Reproduce the lines below exactly. Begin with the first, end with the line containing "Safavieh LABAN Bistro", and leave out the pictures.
Top of Data section
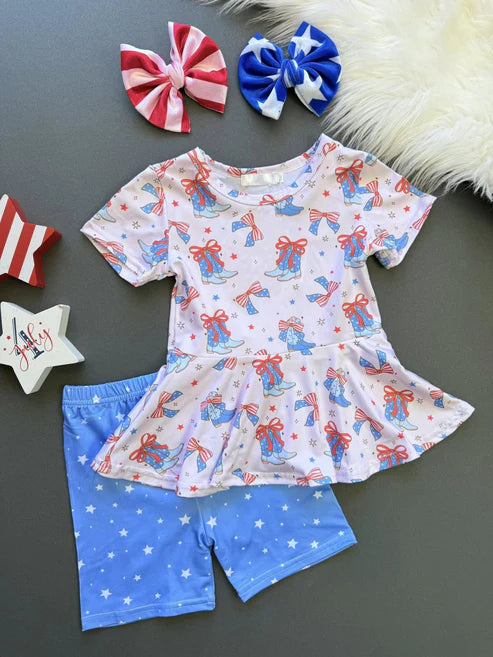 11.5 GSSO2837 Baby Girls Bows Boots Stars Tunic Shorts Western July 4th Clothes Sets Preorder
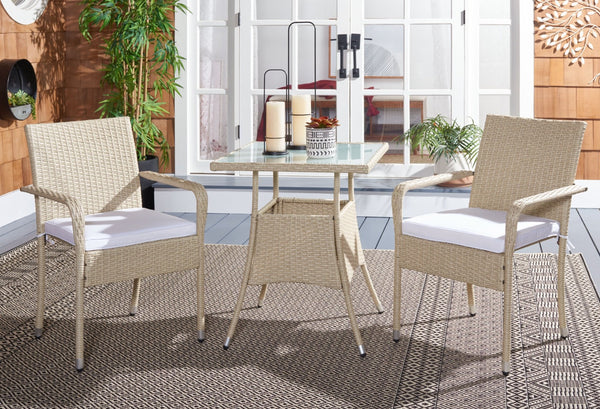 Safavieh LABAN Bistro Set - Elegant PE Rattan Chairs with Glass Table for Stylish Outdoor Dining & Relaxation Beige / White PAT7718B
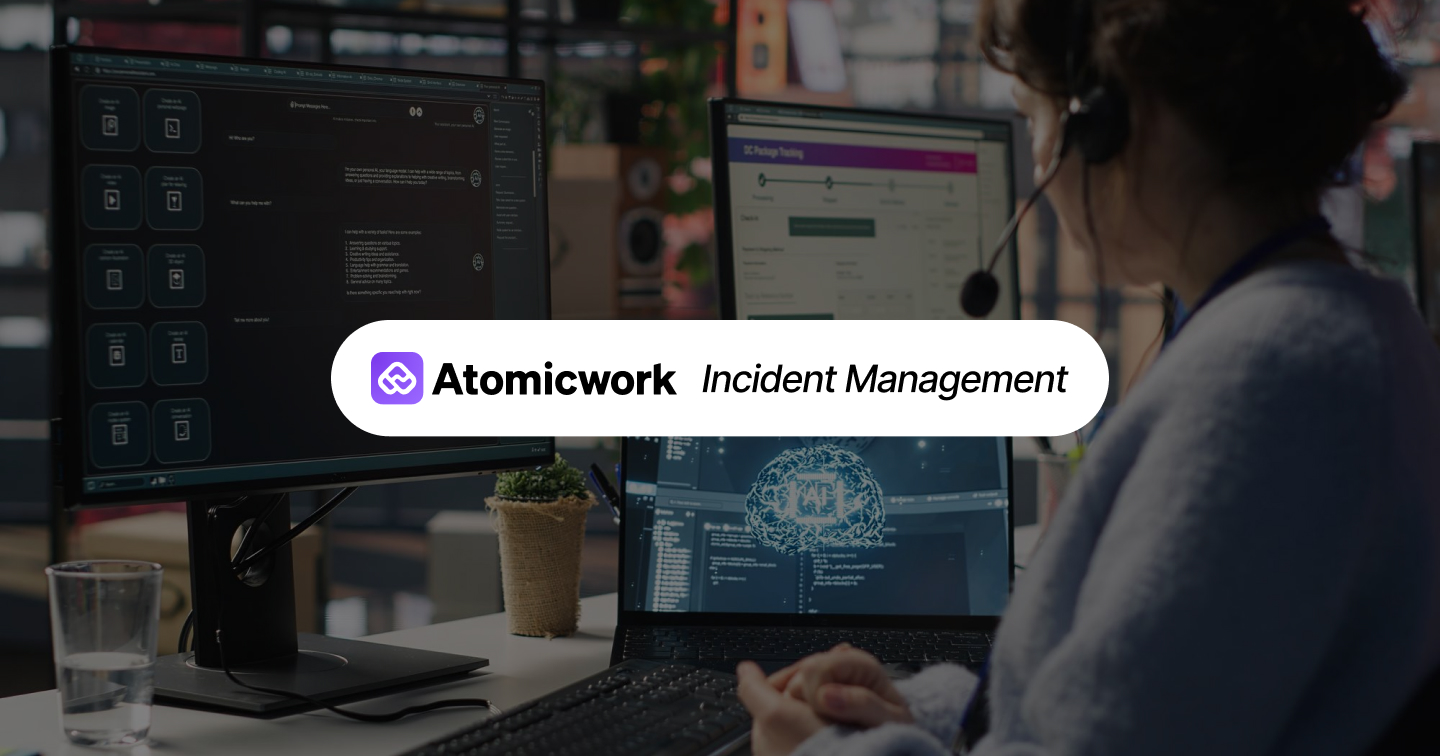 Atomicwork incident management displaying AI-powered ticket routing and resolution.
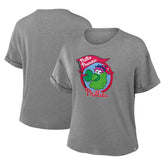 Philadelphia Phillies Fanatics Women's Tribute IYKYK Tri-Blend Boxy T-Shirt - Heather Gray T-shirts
Bottom of Data section
Answer space:
 11.5 GSSO2837 Baby Girls Bows Boots Stars Tunic Shorts Western July 4th Clothes Sets Preorder
 Safavieh LABAN Bistro Set - Elegant PE Rattan Chairs with Glass Table for Stylish Outdoor Dining & Relaxation Beige / White PAT7718B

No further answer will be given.